Task brief.
Take the material below and reproduce, word for word, only the lines from the line with "Microsoft Surface Laptop" through the line with "Leftist candidate for".

Task inputs.
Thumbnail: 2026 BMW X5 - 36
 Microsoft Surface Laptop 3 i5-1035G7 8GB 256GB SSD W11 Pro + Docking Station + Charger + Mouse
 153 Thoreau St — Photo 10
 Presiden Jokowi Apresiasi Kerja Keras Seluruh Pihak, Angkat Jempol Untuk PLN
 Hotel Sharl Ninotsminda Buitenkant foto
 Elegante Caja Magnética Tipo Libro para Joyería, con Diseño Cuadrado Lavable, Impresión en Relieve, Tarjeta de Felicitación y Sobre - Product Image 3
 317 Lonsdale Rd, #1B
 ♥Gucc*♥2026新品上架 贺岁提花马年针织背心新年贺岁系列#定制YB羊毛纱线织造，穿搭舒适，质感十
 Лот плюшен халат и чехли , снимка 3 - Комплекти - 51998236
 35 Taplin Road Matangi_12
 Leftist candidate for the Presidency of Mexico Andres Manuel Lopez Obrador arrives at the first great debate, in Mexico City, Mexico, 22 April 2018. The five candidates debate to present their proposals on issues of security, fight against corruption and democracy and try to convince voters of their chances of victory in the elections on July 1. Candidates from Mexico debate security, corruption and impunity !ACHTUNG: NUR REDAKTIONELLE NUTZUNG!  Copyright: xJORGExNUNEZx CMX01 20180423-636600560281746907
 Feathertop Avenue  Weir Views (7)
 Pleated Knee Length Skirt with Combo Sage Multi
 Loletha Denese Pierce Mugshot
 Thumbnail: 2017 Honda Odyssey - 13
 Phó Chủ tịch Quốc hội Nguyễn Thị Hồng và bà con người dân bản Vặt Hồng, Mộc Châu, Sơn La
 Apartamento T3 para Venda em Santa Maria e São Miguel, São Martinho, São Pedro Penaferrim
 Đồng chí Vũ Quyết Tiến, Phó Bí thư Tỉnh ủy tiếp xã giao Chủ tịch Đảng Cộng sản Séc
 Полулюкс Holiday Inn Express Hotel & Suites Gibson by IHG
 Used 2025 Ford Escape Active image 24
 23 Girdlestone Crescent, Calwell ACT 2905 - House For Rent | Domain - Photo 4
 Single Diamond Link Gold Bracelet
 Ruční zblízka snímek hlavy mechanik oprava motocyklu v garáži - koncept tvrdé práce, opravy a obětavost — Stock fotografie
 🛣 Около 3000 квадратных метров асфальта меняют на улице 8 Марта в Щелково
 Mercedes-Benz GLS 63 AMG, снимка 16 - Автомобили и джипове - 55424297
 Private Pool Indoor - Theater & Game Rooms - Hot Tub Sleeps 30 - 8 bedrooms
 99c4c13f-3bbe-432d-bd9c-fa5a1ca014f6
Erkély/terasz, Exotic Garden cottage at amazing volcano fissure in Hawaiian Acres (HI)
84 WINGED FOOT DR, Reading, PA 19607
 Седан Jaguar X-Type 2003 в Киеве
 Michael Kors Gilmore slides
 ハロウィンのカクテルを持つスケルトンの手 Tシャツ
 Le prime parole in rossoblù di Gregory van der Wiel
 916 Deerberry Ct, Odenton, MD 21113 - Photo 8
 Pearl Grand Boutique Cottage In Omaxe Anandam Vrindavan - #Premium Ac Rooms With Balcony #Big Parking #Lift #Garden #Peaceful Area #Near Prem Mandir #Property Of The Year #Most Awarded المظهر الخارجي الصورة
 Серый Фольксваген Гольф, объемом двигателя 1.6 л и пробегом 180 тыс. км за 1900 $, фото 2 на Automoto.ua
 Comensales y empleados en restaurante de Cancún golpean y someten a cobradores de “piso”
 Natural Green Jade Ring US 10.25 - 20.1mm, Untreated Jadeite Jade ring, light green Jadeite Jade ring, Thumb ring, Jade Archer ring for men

Exercise response.
 Microsoft Surface Laptop 3 i5-1035G7 8GB 256GB SSD W11 Pro + Docking Station + Charger + Mouse
 153 Thoreau St — Photo 10
 Presiden Jokowi Apresiasi Kerja Keras Seluruh Pihak, Angkat Jempol Untuk PLN
 Hotel Sharl Ninotsminda Buitenkant foto
 Elegante Caja Magnética Tipo Libro para Joyería, con Diseño Cuadrado Lavable, Impresión en Relieve, Tarjeta de Felicitación y Sobre - Product Image 3
 317 Lonsdale Rd, #1B
 ♥Gucc*♥2026新品上架 贺岁提花马年针织背心新年贺岁系列#定制YB羊毛纱线织造，穿搭舒适，质感十
 Лот плюшен халат и чехли , снимка 3 - Комплекти - 51998236
 35 Taplin Road Matangi_12
 Leftist candidate for the Presidency of Mexico Andres Manuel Lopez Obrador arrives at the first great debate, in Mexico City, Mexico, 22 April 2018. The five candidates debate to present their proposals on issues of security, fight against corruption and democracy and try to convince voters of their chances of victory in the elections on July 1. Candidates from Mexico debate security, corruption and impunity !ACHTUNG: NUR REDAKTIONELLE NUTZUNG!  Copyright: xJORGExNUNEZx CMX01 20180423-636600560281746907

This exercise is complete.